Depuis ses précurseurs (notamment le japonais Fukuoka avec son livre The One-Straw Revo-lution), la permaculture a évolué en un courant assez large qui regroupe tout un ensemble de pratiques et d’idées différentes. On retrouve cependant quelques grands principes «éthiques» communs :
Prendre soin de la Terre: prendre conscience que la Terre est la source de la vie, qu’elle est notre unique habitat viable pour le moment et que nous en faisons totalement partie (il n’y a pas de séparation).
Prendre soin des hommes: nous soutenir et nous aider les uns les autres de façon à évoluer vers des modes de vie qui n’endommagent pas la Terre et permettent de développer des sociétés saines.

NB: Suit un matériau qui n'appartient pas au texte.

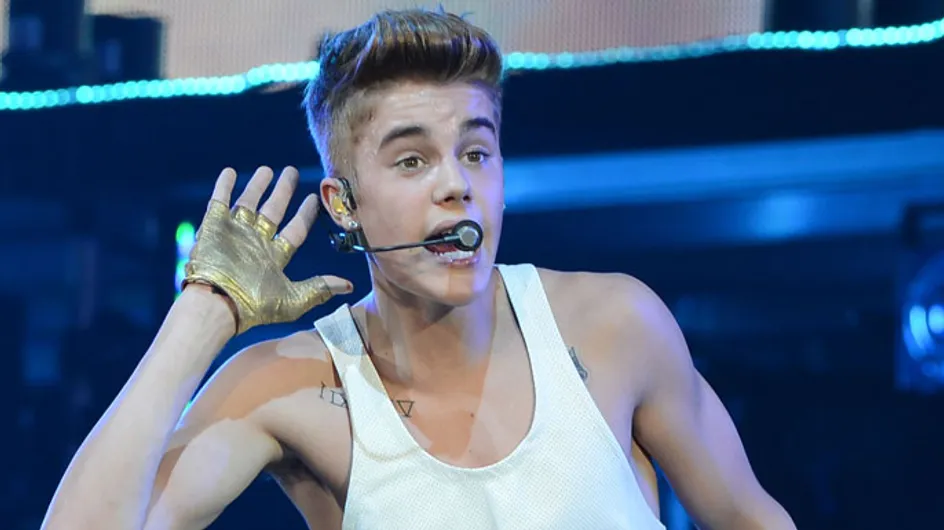 Justin Bieber seems care-free despite police raid on his tour bus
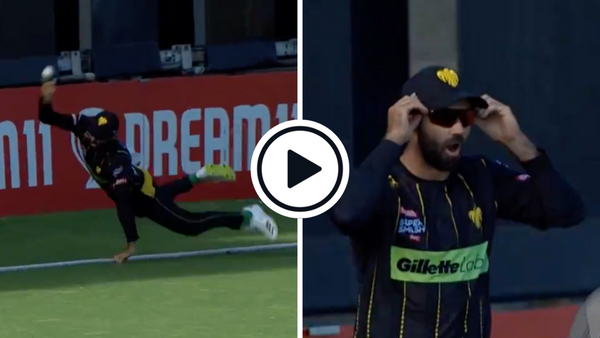 watch-the-best-relay-catch-ever-new-zealanders-combine-for-outrageous-boundary-take.Click to read full article.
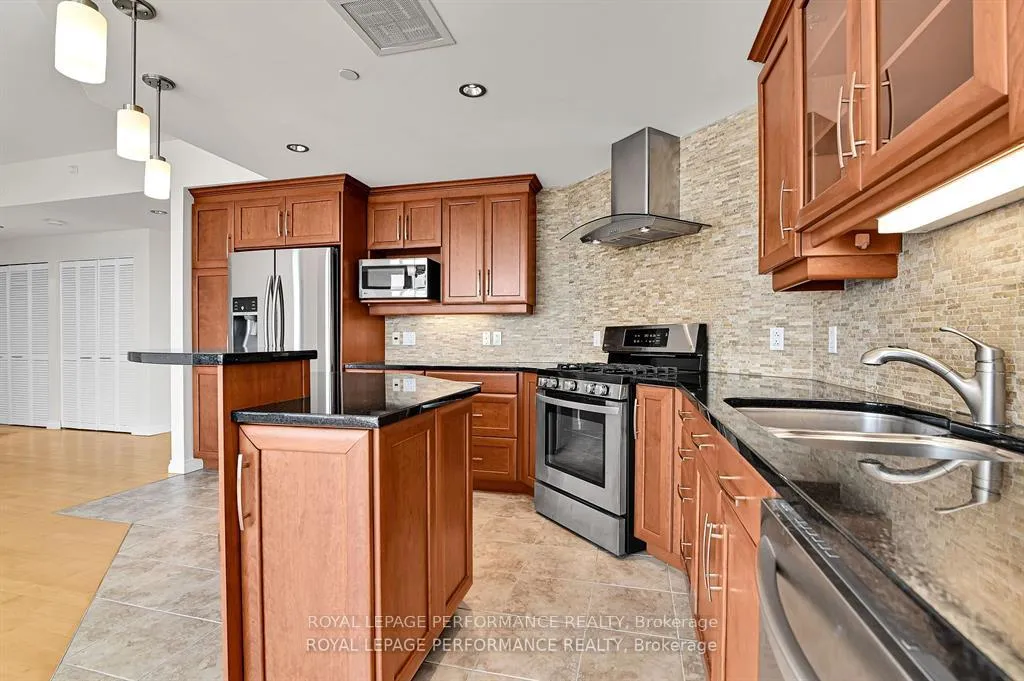 Photo 7 of Unit 1202, 90 George Street, Ottawa, Lower Town/Byward Market — HOMEH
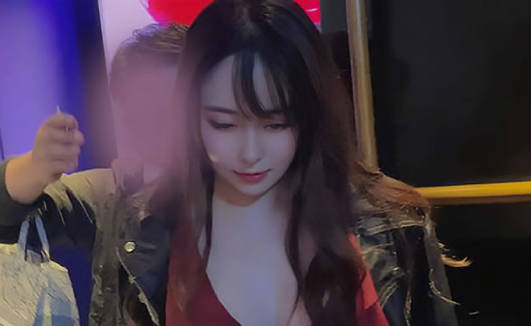怪兽17期酒吧搭讪艳遇明星级爆SSS美女
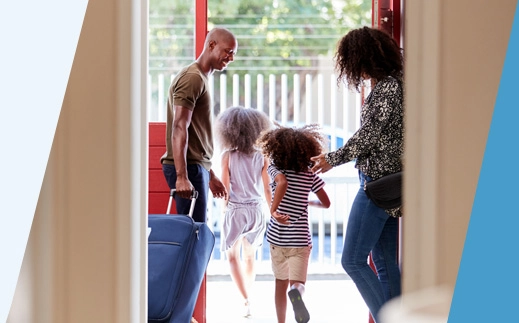 Family leaving home to go on vacation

Partage équitable (ou limiter la consommation) : s’assurer que les ressources limitées de la Terre soient utilisées d’une façon sage et équitable.
Au niveau de la conception en permaculture d’un terrain, on retrouve également quelques principes récurrents intéressants :
Formes générales : l’eau, le vent, les animaux, les reliefs, etc. nous imposent certains paramètres à considérer en termes de paysagisme (construire des coupe-vents, des retenues d’eau, des haies, etc.)
Zones : aménager le terrain en zones en fonction du degré de temps et d’énergie que l’on doit consacrer au
maintien du système. Ainsi, la maison et les surfaces de plantation principales seront des zones O (chaque jour), puis par exemple le potager et le poulailler en zone 1 (plusieurs passages dans la semaine), la mare et le verger en zone 2 (plusieurs passages par mois), une zone 3 semi-sauvage utilisée pour les plantes fourragères (pour nourrir les bêtes) et la production de bois, et une zone 4 totalement sauvage, sans intervention humaine, autant que possible reliée à d’autres zones similaires de façon à créer un maillage écologique. Cette dernière est très importante dans la mesure où il s’agira d’un lieu d’observation, permettant de comprendre les dynamiques à l’oeuvre dans l’écosystème local.
Liens : faciliter et stimuler les liens entre chaque composant du système. Par exemple, une poule a des besoins et produit une énergie qui doit être utilisée (sinon il y a pollution).
Niveaux : Tout écosystème naturel contient au moins sept niveaux, de la cime des arbres aux racines des plantes. Chaque niveau peut nous fournir en nourriture, et entretient des liens symbiotiques avec son environnement. La polyculture résultante peut être productive au fil des saisons, dynamique, autonome, d’une grande diversité d’espèces donc résistante contre les maladies, autorégénérante et d’une productivité globale de loin supérieure à n’importe quel champ de blé, le tout pour un apport énergétique humain très faible.
Équipes : des plantes qui s’entraident (potirons-maïs-fèves, ail-fraises…), des symbioses entre différentes espèces (fleurs-abeilles, arbres-insectes…)…
Intersections: la rencontre de deux systèmes différents multiplie la productivité et la création de liens utiles (bord de mer/de rivière, lisière de forêts…).